(STAR) By Des Ferriols - Monetary officials said the decision of the US Federal Reserve to keep its policy rates unchanged would give the Monetary Board some elbow room but the market saw no clear indication of what direction it would take.

The Monetary Board of the Bangko Sentral ng Pilipinas (BSP) is scheduled to meet today and hold its last monetary policy-setting session this year.

On the table for review are the monetary policy settings including the possible adjustment in the official policy rates or the lifting of the tiered rates on bank placements with the BSP.

However, BSP governor Amando M. Tetangco Jr. was only willing to say that the US Fed decision widened the BSPís elbow room to undertake monetary policy maneuvering in the light of the slowdown in inflation rate, rising domestic liquidity growth and lackluster lending activity.

"Right now, we are seeing a deceleration in the inflation rate and the expectation is that we will be well within the four-to five-percent target range for 2007," Tetangco told reporters. "We also have to look for other supporting developments that affect inflation."

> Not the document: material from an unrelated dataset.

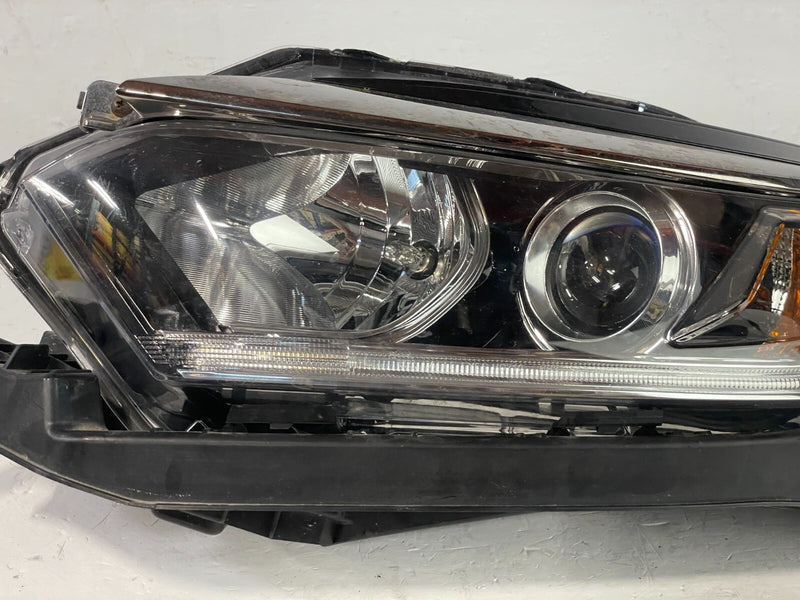 Load image into Gallery viewer, 2019-2022 HONDA HR-V LEFT SIDE HALOGEN W/O LED HEADLIGHT HEADLAMP # IG15-HDU975
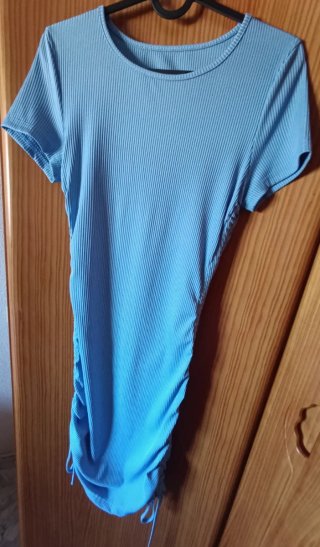 Vestido azul fruncido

Tetangco said the US Fed gave the Monetary Board additional elbow room but he did not give any indications of what course to take although the central bank chief has already said earlier that policy easing could be in the offing.

The reintroduction of the three-tier rates on bank placements had caused widespread confusion over what the BSP intended to do as it resisted touching its policy rates but essentially ended up cutting rates by 200 basis points.

Market analysts said the adjustment and reduction of the rates on bank deposits with the BSP had the effect of a more dramatic rate cut than if the Monetary Board had reduced its overnight rates.

"What they have done is too extreme," said an analyst from a foreign bank. "If they really wanted to compel banks to lend, they should have reduced the policy rates because that extends longer into the horizon."

According to Tetangco, on the other hand, the ultimate impact of the restoration of tiered rates would depend on the amount of placements that banks have with the BSP.

"The move to tier rather than cut was really aimed at encouraging banks to part with their large BSP placements and look for alternative investments," he said. "We wanted them to lend to the public more."

However, analysts pointed out that even the BSP made it clear the tiering scheme would be a temporary measure and could be lifted within the next three months.

"The longest period that the tiered rates were in effect was about 15 to 16 months," said the analyst. "But since the BSP has already said this one will not last long, what bank will bother to lend now when rates are down and they know they will go up very soon?"